The Hedgehog Can Never be Buggered at All, more commonly known as The Hedgehog Song, is one of Discworld's most famous drinking songs. First mentioned in Wyrd Sisters, then referred to in Witches Abroad, some lyrics are mentioned, but due to the song's adult subject matter (spanning at least seventeen verses) the full version has not been printed. All that can be known is that in regards to certain interactions between humans and animals, the hedgehog is a most fortunate creature.
In the books, the song is associated with Nanny Ogg, who frequently sings it while intoxicated.
The UK paperback edition of Witches Abroad is dedicated "to all those people - and why not? - who, after the publication of Wyrd Sisters, deluged the author with their version of the words of 'The Hedgehog Song'. Deary deary me..."
Speaking of which, several versions of this song can be found around the internet, but the version on Lspace has been "streamlined and expanded by readers of the newsgroup and the L-Space Web site." This is a classic example of a Filk.

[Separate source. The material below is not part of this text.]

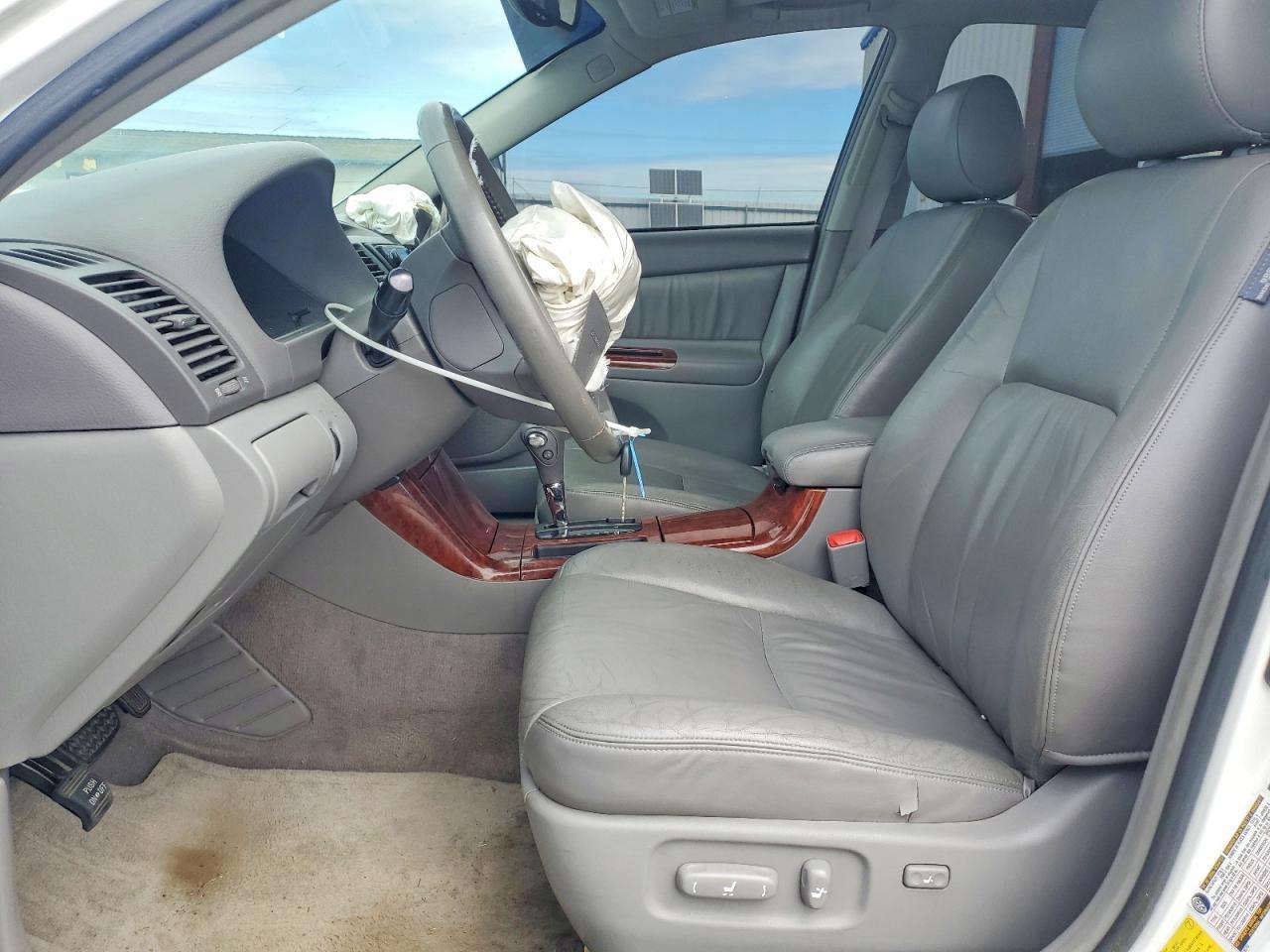 2005 TOYOTA CAMRY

The song is actually a very interesting play on words; in British English (and, by extension, Australian English), "bugger" can be either a rather coarse slang term meaning "bother", or it can be a vulgarity referring to anal penetration for sexual purposes (that is, sodomy). A similar sort of crude wordplay/reliance on double entendre can be seen in Nanny Ogg's other favorite song, A Wizard's Staff Has A Knob On The End.